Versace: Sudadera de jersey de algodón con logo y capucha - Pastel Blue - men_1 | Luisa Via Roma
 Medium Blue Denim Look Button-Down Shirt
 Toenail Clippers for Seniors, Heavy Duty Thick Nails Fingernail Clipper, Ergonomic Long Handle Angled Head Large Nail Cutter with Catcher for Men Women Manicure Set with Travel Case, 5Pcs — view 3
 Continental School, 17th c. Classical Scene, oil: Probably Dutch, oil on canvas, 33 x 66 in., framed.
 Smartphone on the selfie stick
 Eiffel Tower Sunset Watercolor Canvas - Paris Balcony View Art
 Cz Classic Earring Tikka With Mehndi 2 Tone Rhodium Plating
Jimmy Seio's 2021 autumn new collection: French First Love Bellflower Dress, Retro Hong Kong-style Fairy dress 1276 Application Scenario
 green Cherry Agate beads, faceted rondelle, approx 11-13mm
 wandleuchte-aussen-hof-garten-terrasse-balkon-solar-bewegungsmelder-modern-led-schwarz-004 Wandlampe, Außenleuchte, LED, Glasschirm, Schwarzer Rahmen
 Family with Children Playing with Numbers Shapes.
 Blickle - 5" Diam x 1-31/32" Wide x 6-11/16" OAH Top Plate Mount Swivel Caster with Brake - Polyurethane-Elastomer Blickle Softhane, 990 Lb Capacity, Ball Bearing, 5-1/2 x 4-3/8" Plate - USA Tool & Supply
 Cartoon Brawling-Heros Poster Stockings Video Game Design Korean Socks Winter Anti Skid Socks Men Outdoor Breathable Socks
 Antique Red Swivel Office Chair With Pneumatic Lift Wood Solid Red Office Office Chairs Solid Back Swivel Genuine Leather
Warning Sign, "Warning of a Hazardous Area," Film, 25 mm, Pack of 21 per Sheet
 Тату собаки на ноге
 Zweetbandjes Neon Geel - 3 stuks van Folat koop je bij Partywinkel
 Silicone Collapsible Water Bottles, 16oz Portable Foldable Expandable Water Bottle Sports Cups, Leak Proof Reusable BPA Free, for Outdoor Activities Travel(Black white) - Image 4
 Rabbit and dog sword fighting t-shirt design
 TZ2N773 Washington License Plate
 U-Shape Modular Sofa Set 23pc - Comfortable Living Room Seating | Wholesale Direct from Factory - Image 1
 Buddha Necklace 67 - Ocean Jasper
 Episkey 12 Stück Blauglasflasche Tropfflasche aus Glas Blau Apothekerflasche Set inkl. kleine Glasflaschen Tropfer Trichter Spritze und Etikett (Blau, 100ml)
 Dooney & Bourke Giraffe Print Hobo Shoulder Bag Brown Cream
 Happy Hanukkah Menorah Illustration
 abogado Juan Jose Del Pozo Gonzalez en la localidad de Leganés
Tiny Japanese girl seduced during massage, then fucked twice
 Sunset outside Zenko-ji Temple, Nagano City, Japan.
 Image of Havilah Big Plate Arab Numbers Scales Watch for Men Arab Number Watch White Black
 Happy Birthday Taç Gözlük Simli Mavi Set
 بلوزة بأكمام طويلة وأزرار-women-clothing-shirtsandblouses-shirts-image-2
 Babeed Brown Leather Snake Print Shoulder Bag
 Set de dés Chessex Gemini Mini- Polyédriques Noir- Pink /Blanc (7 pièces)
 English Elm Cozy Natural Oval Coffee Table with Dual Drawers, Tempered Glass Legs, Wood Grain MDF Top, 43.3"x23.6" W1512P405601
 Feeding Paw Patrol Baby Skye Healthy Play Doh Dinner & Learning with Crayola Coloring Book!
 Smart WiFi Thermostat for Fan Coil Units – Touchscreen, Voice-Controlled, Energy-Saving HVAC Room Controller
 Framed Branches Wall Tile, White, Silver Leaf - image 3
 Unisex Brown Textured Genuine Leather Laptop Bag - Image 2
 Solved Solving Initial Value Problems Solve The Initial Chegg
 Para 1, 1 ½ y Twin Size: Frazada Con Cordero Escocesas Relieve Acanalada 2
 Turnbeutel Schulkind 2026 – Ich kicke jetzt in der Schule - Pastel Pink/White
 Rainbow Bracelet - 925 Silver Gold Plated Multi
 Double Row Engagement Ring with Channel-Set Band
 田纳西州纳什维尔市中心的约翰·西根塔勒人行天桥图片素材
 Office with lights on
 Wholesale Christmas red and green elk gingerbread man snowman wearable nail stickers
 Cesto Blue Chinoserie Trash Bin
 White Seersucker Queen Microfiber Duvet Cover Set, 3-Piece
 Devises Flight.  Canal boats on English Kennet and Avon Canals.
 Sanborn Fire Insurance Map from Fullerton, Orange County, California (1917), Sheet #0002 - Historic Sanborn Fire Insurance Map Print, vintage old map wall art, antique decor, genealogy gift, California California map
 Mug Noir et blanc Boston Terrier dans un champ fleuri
_ _ _ _ _
* **Task to carry out**
In the entries above, which lines hold the string "Room"? Report all of them.

* **Completed task**
 U-Shape Modular Sofa Set 23pc - Comfortable Living Room Seating | Wholesale Direct from Factory - Image 1
 Smart WiFi Thermostat for Fan Coil Units – Touchscreen, Voice-Controlled, Energy-Saving HVAC Room Controller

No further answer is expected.